■ **INSTRUCTIONS FOR THE TASK**:
Could you retype exactly the lines below between the one holding "Roxy Multicolor Zigzag" and the one holding "Emerald Heritage - Cotton", inclusive, leaving out any pictures?

■ **RECORD EXCERPTS**:
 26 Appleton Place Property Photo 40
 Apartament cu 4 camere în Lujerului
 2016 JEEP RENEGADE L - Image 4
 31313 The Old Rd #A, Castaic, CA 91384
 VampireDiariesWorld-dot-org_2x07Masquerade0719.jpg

--

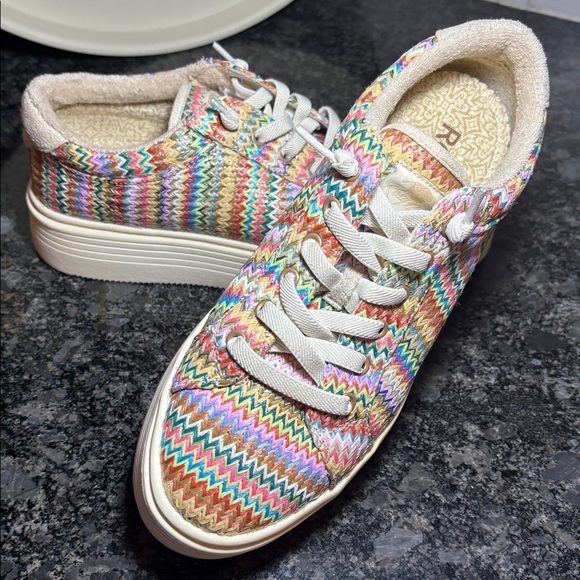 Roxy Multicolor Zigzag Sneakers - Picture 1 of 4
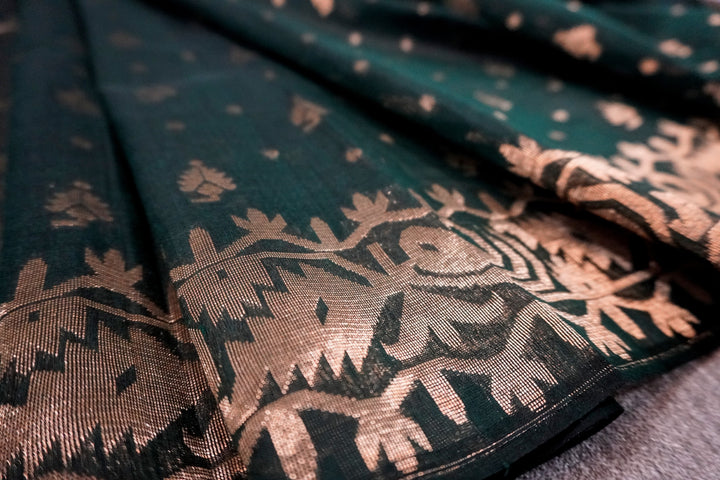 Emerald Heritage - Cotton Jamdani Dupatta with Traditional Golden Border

...

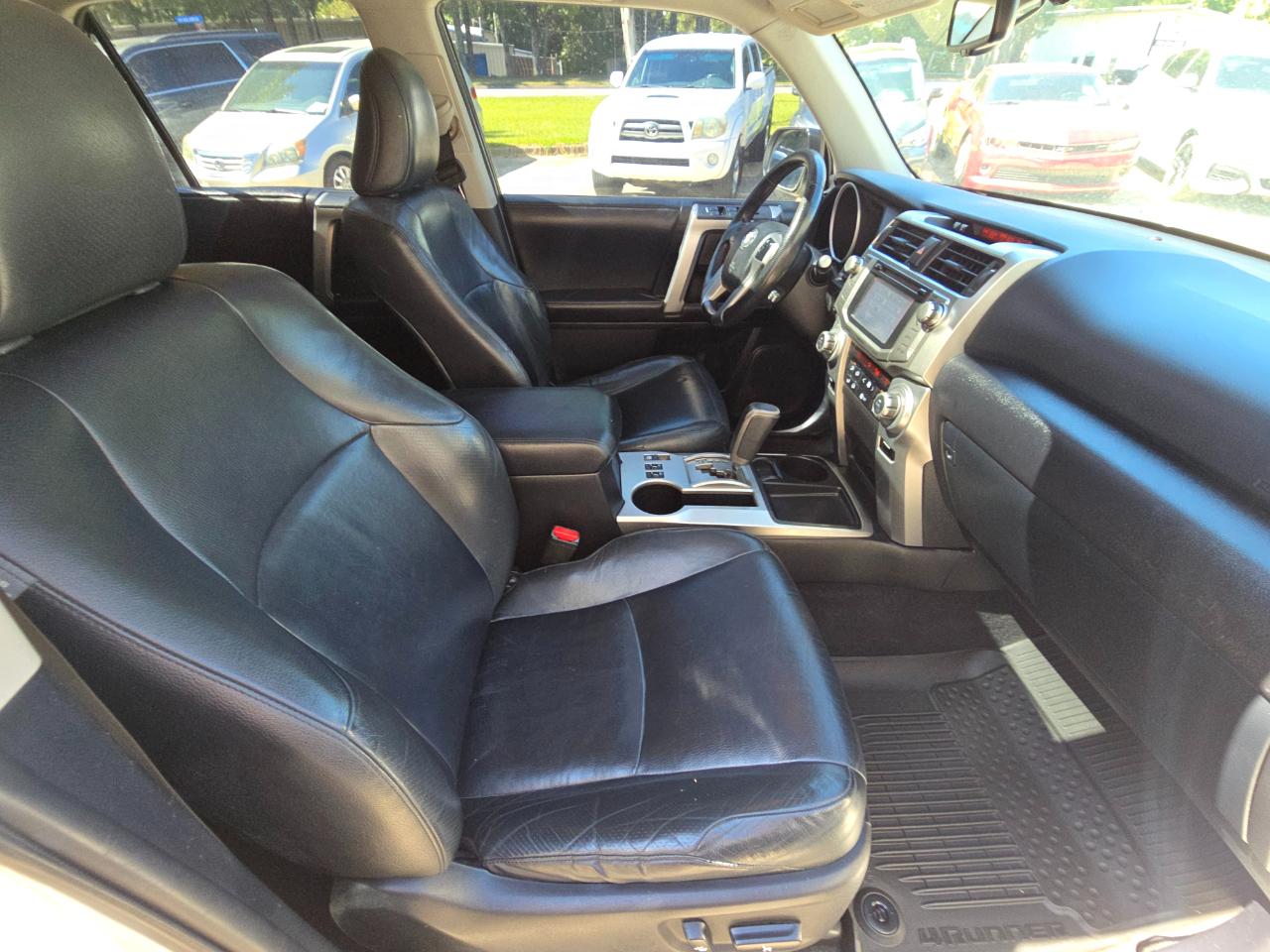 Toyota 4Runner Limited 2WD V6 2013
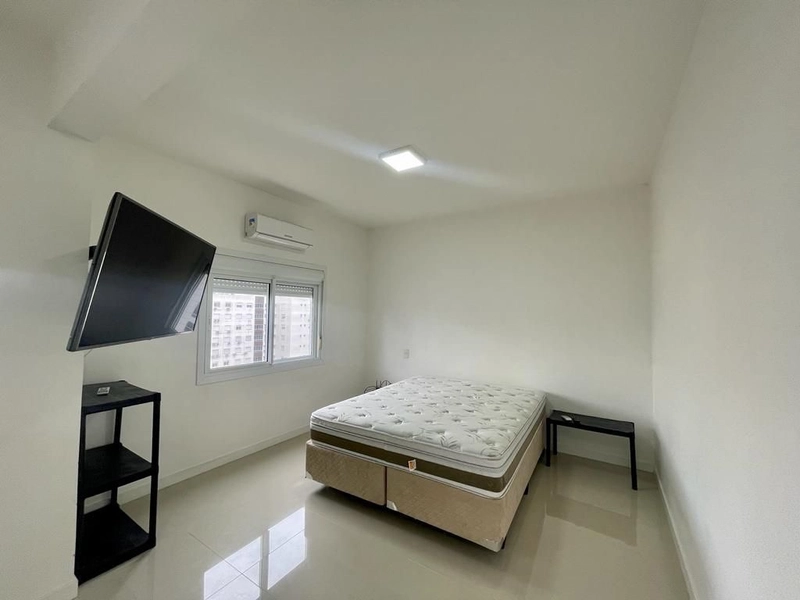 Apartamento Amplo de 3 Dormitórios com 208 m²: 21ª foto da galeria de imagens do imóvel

■ **ANSWER BOX**:
 Roxy Multicolor Zigzag Sneakers - Picture 1 of 4
 Emerald Heritage - Cotton Jamdani Dupatta with Traditional Golden Border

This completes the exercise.